WORK INSTRUCTION →
Only the lines from the beginning of the entries through the one that holds "Left-side profile showing" may appear in the answer, written out exactly and free of pictures.

[Captioned web image data]
————————

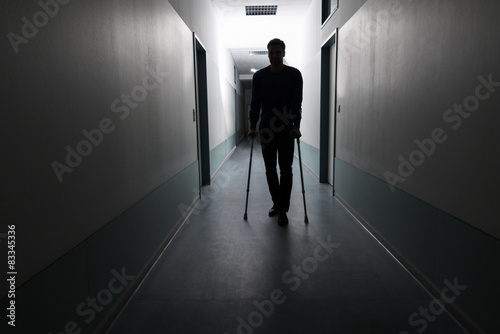 Slika na platnu Man Walking With Crutches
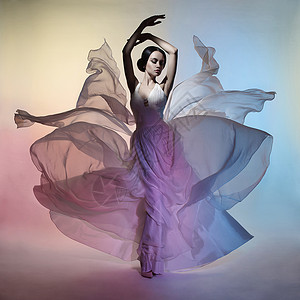 艺术时尚工作室照片美丽优雅的女人衣服会飞的裙子自由xa颜色的绘制光颜色的影响流动服装的时尚风格背景图片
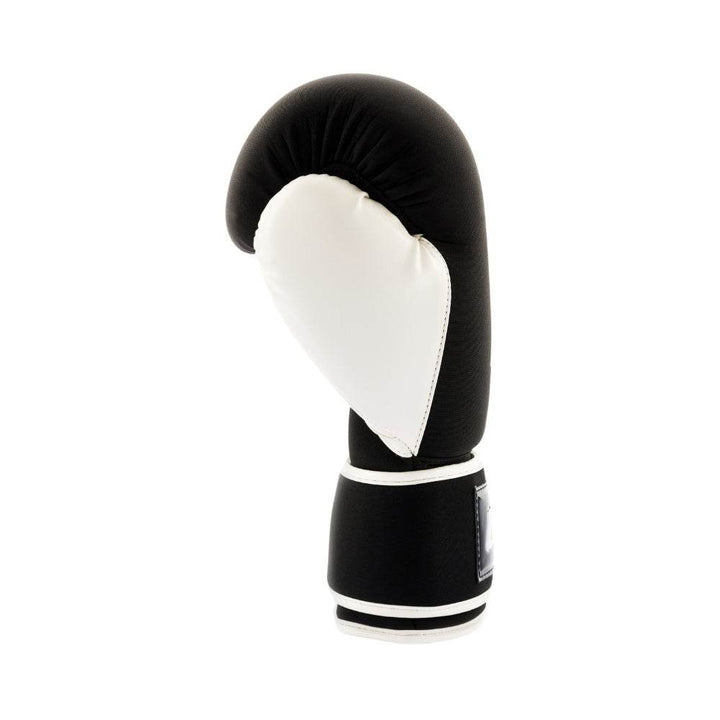 Left-side profile showing the smooth white synthetic-leather palm and contoured thumb support against the black outer shell.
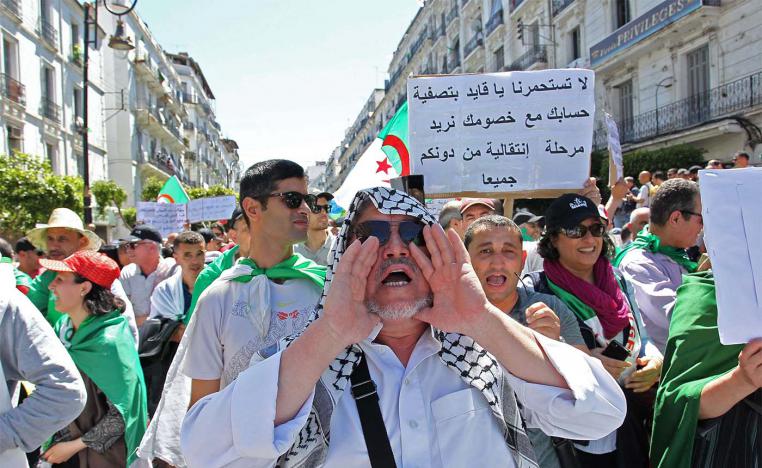 Algerian protesters chant slogans as they take part in an anti-government demonstration in Algiers 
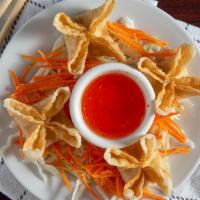 Crab Rangoon (8) · Deep fried wonton with cream cheese and crab meat. Served with sweet and sour sauce.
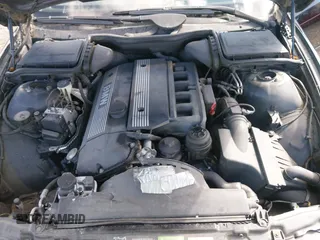 2000 BMW 5 Series 528iA with VIN WBADM6344YGU10257, listed as a IAAI auction lot 41773733 with 231,028 mi miles. Bid and sale history available at carsss.com. Image 10.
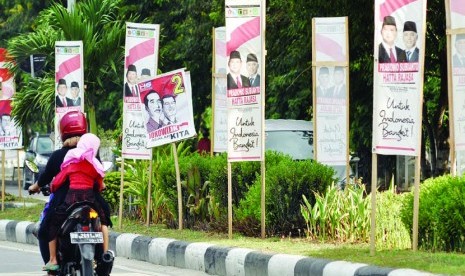 Pengendara motor melintasi deretan alat peraga kampanye pasangan capres-cawapres yang terpasang di Jalan Moh Yamin ,Palu, Sulawesi Tengah, Ahad (6/7).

————————

EXERCISE SOLUTION →
 Slika na platnu Man Walking With Crutches
 艺术时尚工作室照片美丽优雅的女人衣服会飞的裙子自由xa颜色的绘制光颜色的影响流动服装的时尚风格背景图片
 Left-side profile showing the smooth white synthetic-leather palm and contoured thumb support against the black outer shell.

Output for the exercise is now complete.